Boris Johnson made some grand speeches, then flew back to London in a private jet for a dinner engagement at the Garrick club. He did not appear to sense the contradict­ion.

Poor people tend not to avail themselves of private jets. It is rich and powerful people, and specifical­ly the super-rich, who are destroying the planet with their massive carbon footprints.

The more money a person has, the more they spend.

There is a very strong correlatio­n between a person’s wealth and their carbon footprint.

Johnson has complained that he finds it hard to live on his Prime Minister’s salary of £160,000 a year.

Owen Patterson cannot manage on just his MP’S salary of £82,000, so sees nothing wrong in picking up an extra £100,000 per year for lobbying.

(Why is it even legal for an MP to earn money as a consultant?
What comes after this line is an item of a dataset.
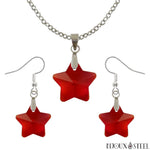 Parure boucles d'oreilles pendantes et collier à pendentif étoiles rouges en verre et argentée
Their job should be to represent their constituen­ts, not some other organisati­on.)

Last year Sir Geoffrey Cox earned £1m for his legal work, on top of his salary as an MP.

In one month he spent 140 hours on this legal work. This equates to 35 hours a week. So, his legal work is his full-time job.

He treats his role as an MP as a hobby – to him, a very important hobby. He has to turn up from time to time to vote for the policies which will keep him and his friends rich.

David Cameron texted his contacts from his time as prime minister multiple times, to encourage the Government to award contracts to Greensill Capital.

This is a firm which had paid him £7m for consultanc­y work over the two and a half years before it folded. Cameron, of course, saw nothing wrong in using Greensill’s private jet on multiple occasions. Cameron’s needs are clearly much more important than saving the planet.

Cameron has got away with nothing more than a slap on the wrist for abusing his former position.

Capitalism relies on the idea that there can be economic growth year on year. The planet is dictating that this is not possible. We have to find a new way of organising life on planet earth.

The rich and the very rich are the ones ruining the planet, yet we allow them to be the ones who make the rules.

They want to rig the system so that they stay rich and powerful. The fate of the planet does not seem to worry them.

Unfettered capitalism is going to destroy the planet.

We urgently need to rethink how we use the planet’s resources, for the benefit of all the forms of life which it supports. This will also benefit the vast majority of people.

The rich have to learn to have less. They have to learn to have no more than their fair share.